The five court of appeal justices considering the province’s challenge of the policy, which only applies to Ontario because the Progressive Conservative government of Premier Doug Ford nixed the province’s cap and trade scheme last year, prodded the province’s legal team with questions about what it would do instead.
Ford’s government claims the tax will drive up the price of gas and heating fuel for Ontario residents (and by extension, the cost of everything affected by those higher costs), while the federal Liberal government insists it is responding appropriately to an issue of national concern – climate change.
The court questioned whether residents will actually be paying more.
“How is it a burden if 90 per cent of the money goes back to the same people who paid it?” one of the justices asked the provincial government’s lawyer.
Ontario attorney Josh Hunter replied that the rebate don’t consider the differing needs of different Ontario residents. Those living in rural areas, for example, face a higher tax burden and increased heating needs, he argued.
In fact, the federal plan provides for those in small and rural communities to get an extra 10 per cent back “in recognition of their increased energy needs and reduced access to energy-efficient transportation options.”
Hunter said there was no guarantee that the rebates would be used by residents on climate action. In fact, he said they “could be used to buy a Hummer.”
Monday morning’s proceedings, however, focused not on the efficacy of the federal climate change plan or Ontario’s counterpart, but instead on which legislature had jurisdiction over carbon and other greenhouse gases that are warming the planet. Ontario is one of four provinces, led by conservative-leaning governments that are challenging the federal carbon pricing plan. The others are Saskatchewan, Manitoba and New Brunswick.
The federal carbon pricing mechanism doesn’t apply to other Canadian jurisdictions that have taken action to put a price on carbon, meeting a minimum national standard established as part of a pan-Canadian agreement reached between Trudeau and the premiers in December 2016.
But Ontario argued that Ottawa’s pricing on emissions would unbalance the “constitutional architecture” in Canada, a delicate division of powers between the federal government and its constituent provinces, and that the federal government could not just define climate change and the collective need to reduce emissions as a new matter of national concern which it could deal with however it wants.
The argument is that Trudeau’s government had exceeded “local and provincial” jurisdiction as defined in Section 92 of the Constitution Act, a 1982 addition to the 1867 founding law of Confederation that until that time was known as The British North America Act.
The court challenge comes almost a year after Ford’s Progressive Conservatives swept the provincial Liberals out of power, and vowed to scrap the province’s existing cap and trade program (and the green initiatives it funded) and fight the federal carbon tax.

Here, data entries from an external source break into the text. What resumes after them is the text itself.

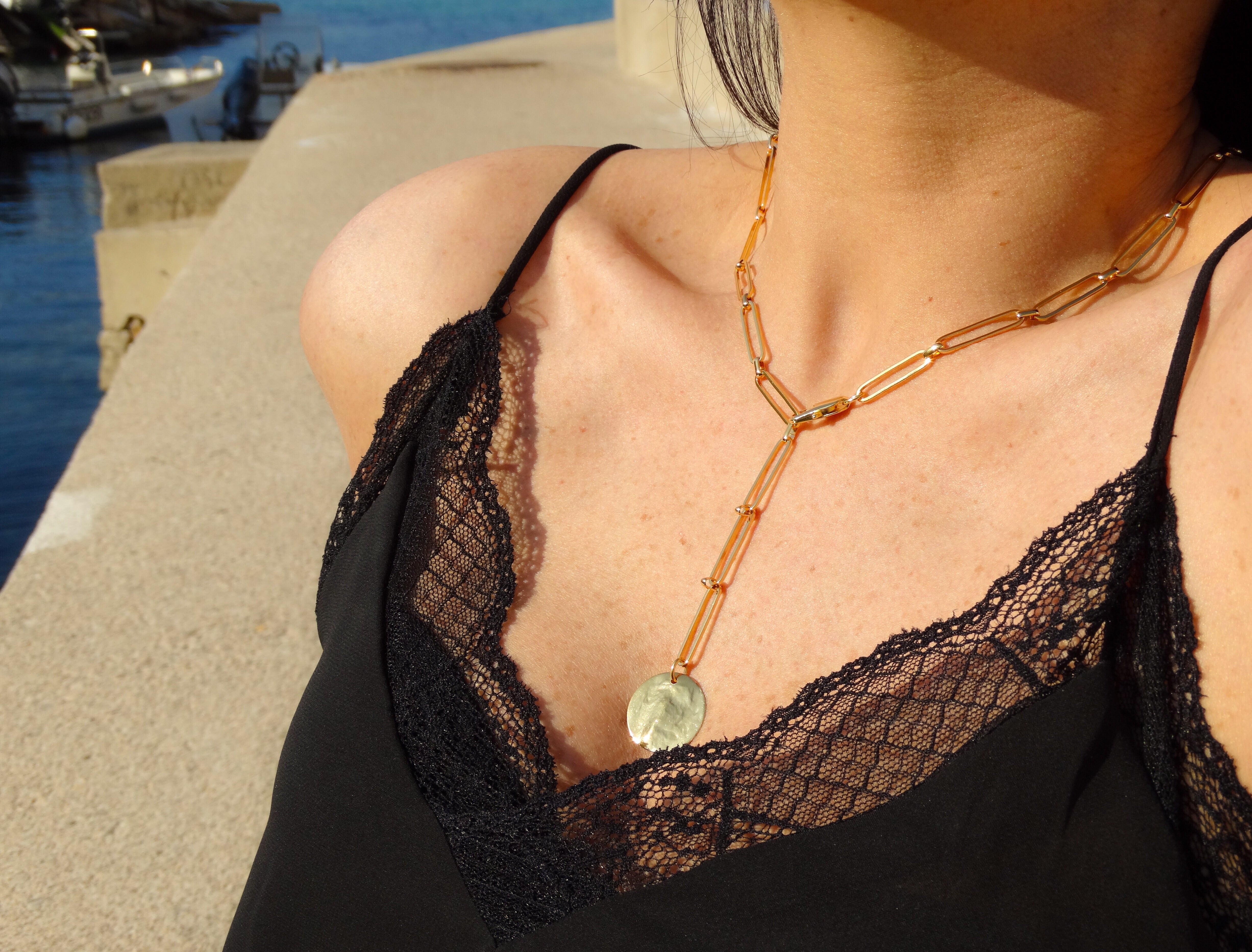 Collier "Zou Maï"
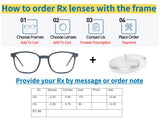 Vintage Titanium Glasses Frames for Women Light Geometric Eyeglass Men Optical Eyewear Retro Spectacles Prescription Myopia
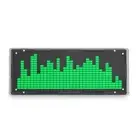 LED Music Spectrum Display DIY Kit 16X32 Rhythm Light Clock 8 Kinds6238
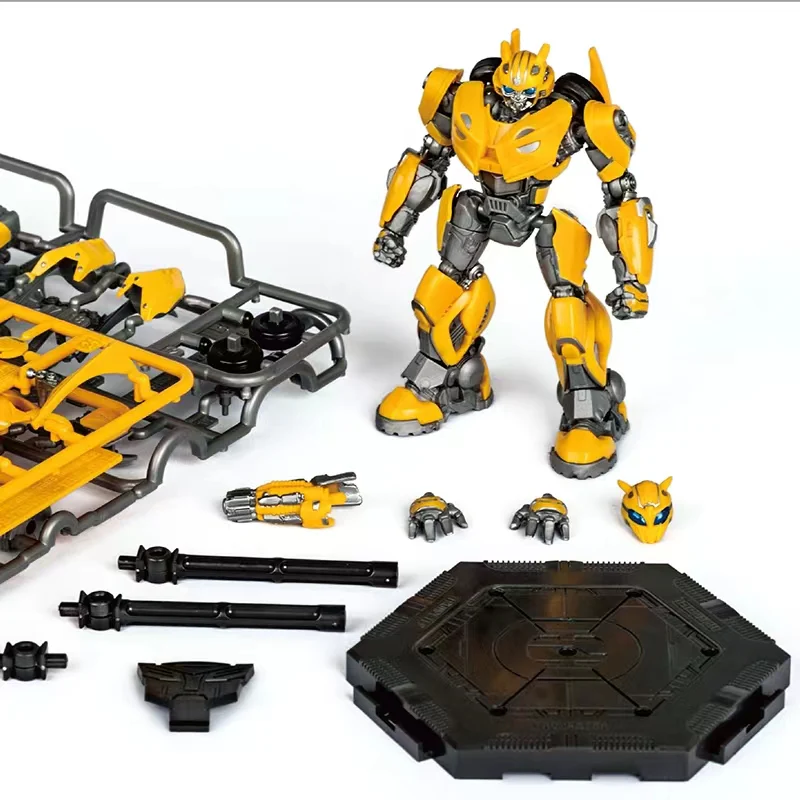 TRUMPETER 08117 Transformers Movie Cybertron B-127 Bumblebee - JOYTOY WORLD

The federal Liberals, meanwhile, came to power in 2015 in part on a pledge to “provide national leadership and join with the provinces and territories to take action on climate change, put a price on carbon, and reduce carbon pollution.” A federal election is due in October.
Its federal program, which came into force on April 1, applies in provinces that have no carbon-pricing regimes of their own that meet national standards. Ottawa says the legislation aims to “fill in the gaps” where provincial measures aren’t up to par.
“This is not a reference about whether climate change is real. It is,” Ontario lawyer Josh Hunter, representing Attorney General Caroline Mulroney, said in his opening remarks in court Monday. “This is not a reference about whether human activity creates greenhouse gas emissions. They do.”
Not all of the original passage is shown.